DATA SEGMENT:
· · · · ·
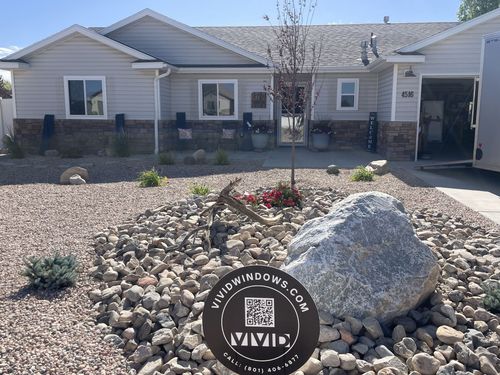 All Photos for Vivid Windows in Centerville, UT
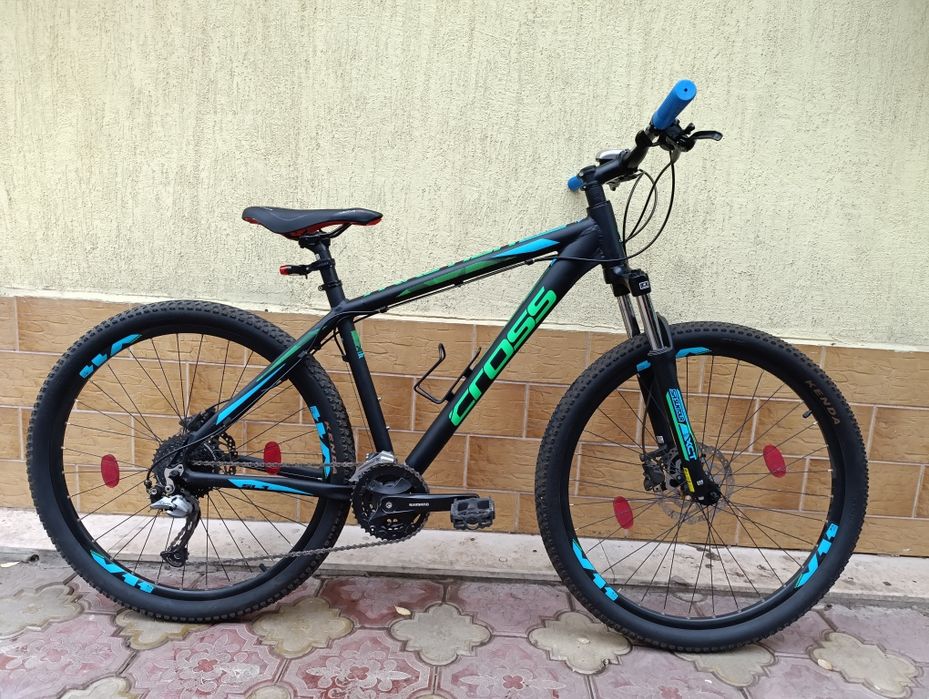 Cross 27,5 цола   .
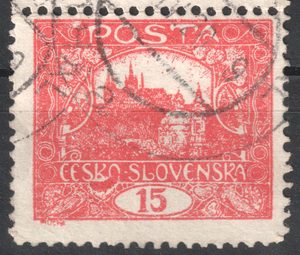 Závoje — kus 17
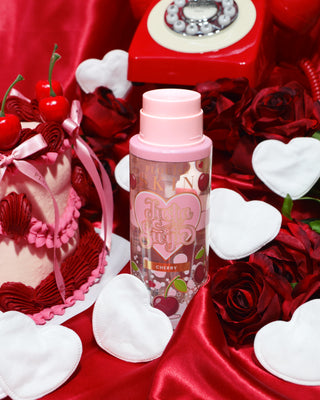 P.Louise The Ultimate Cleanse micellás víz és pamut párna páros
· · · · ·
WHAT IS NEEDED: Everything in the data except the pictures must appear in your answer unchanged.

ANSWER TO THE PROBLEM:
 All Photos for Vivid Windows in Centerville, UT
 Cross 27,5 цола   .
 Závoje — kus 17
 P.Louise The Ultimate Cleanse micellás víz és pamut párna páros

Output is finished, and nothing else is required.